Feedback please: Chatbot to answer questions about long documents

Context

Chatbot that answer questions based on hundreds of long documents.
ANY material to read/watch is greatly appreciated, just put me in the right path and I can study :slight_smile:

Current strategy

  1. Downloaded pdf files
  2. Extracted text from pdf files
  3. Text from PDF → Embeddings (“document-embedding”)
  4. User makes a question to chatbot → Embedding (“query-embedding”)
  5. “Query-embedding” compared to “document-embedding” → Get appropriate document
  6. user-question + prompt + document sent to OpenAI.
  7. Happiness achieved

My Questions: help please :slight_smile:

Suppose a 500 page document

Question 1: Should I split the long document? What is the best way to do so?

My current strategy:
500 page → divide into 8k-token-long subparts → create a 8k-Embedding → split 8k-subpart into 1k-token-long part → create 1k-embeddings.

Then, User-query-embedding is compared first to 8k-embedding to select a “section” and then to 1k-long subpart. The user-query-text + prompt + 1k long subpart is sent to openai.

Optionally, I could create the 1k-embeddings only after the user queries, to avoid double-spending processing documents that will never be queried.

Question 2: How can I “concatenate” several 1k-long parts to send to OpenAI? Is this what Langchain does? What is your strategy and a prompt example? Anything to read/watch is greatly appreciated!

Example:
1k-long-part sent to openAI for “summarization”, response is received.
“response” + “another 1k-long-part” sent again for summarization and so on.

Question 3: what is a good prompt to use the information from the document as the “ground truth”. I plan to use a very low temperature.

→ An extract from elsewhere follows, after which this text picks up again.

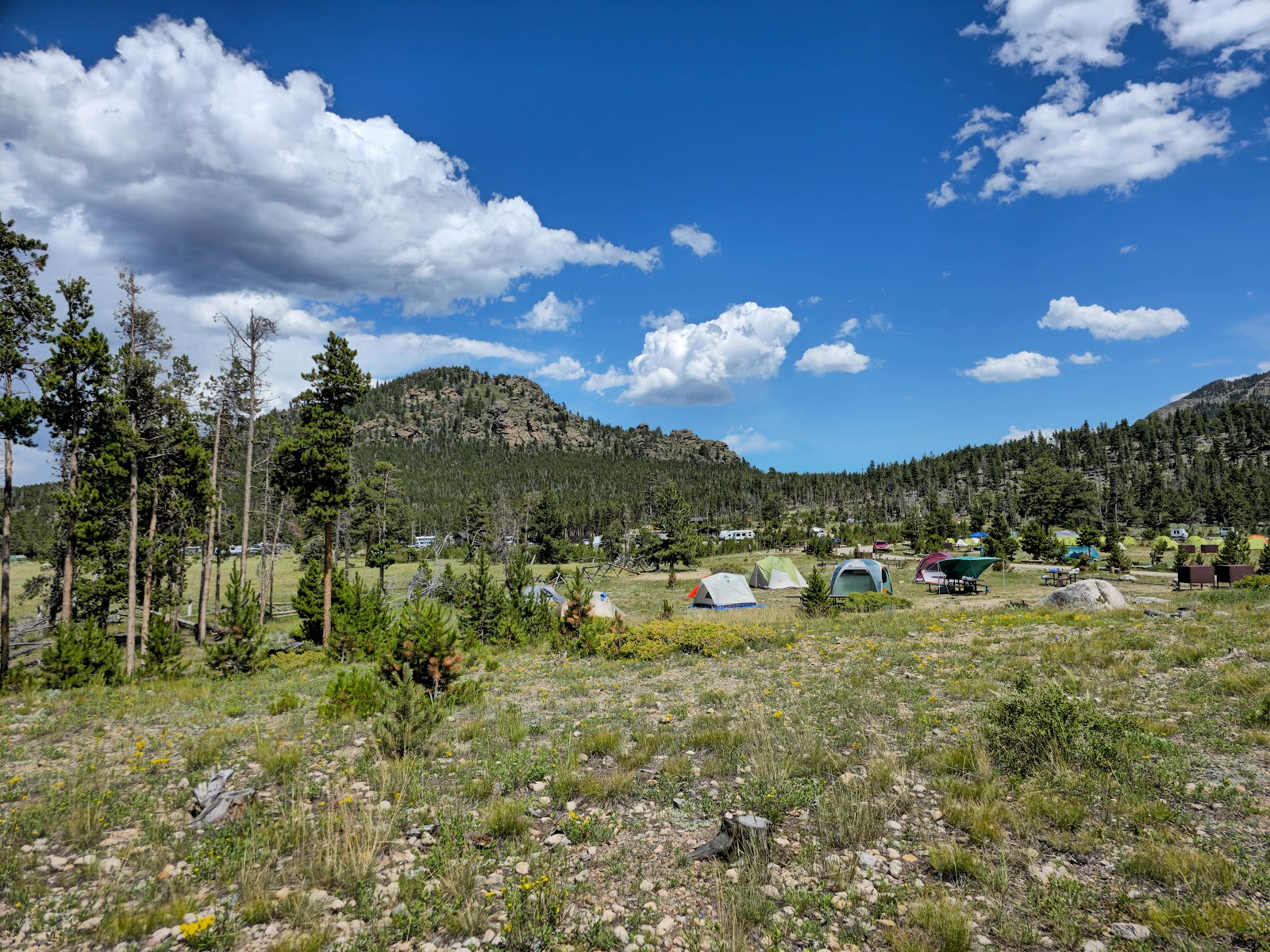 Glacier Basin - Rocky Mountain National Park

Question 4: To process the user-question + prompt + document, Would you use untrained gpt-3.5, trained gpt 3.0 curie, or trained gpt 3.0 davinci?

Question 5: Besides manually checking for the answers that I am getting, is there a “test” that I can perform to assess answer-quality?

Many thanks! Any answer is greatly appreciated! Just point me to the right channels, videos, material to read etc

5 Likes

Hey @pmshadow, you came up with solution? I’m really interested to know how you done it.

1 Like

I found this post did great job on pdf , pls google chat-with-pdfs-using-chatgpt-and-openai-gpt-ap nanonet

1 Like

do you have a specific question regarding it? in the end I split with smaller parts like 300 token long with 100 token overlap.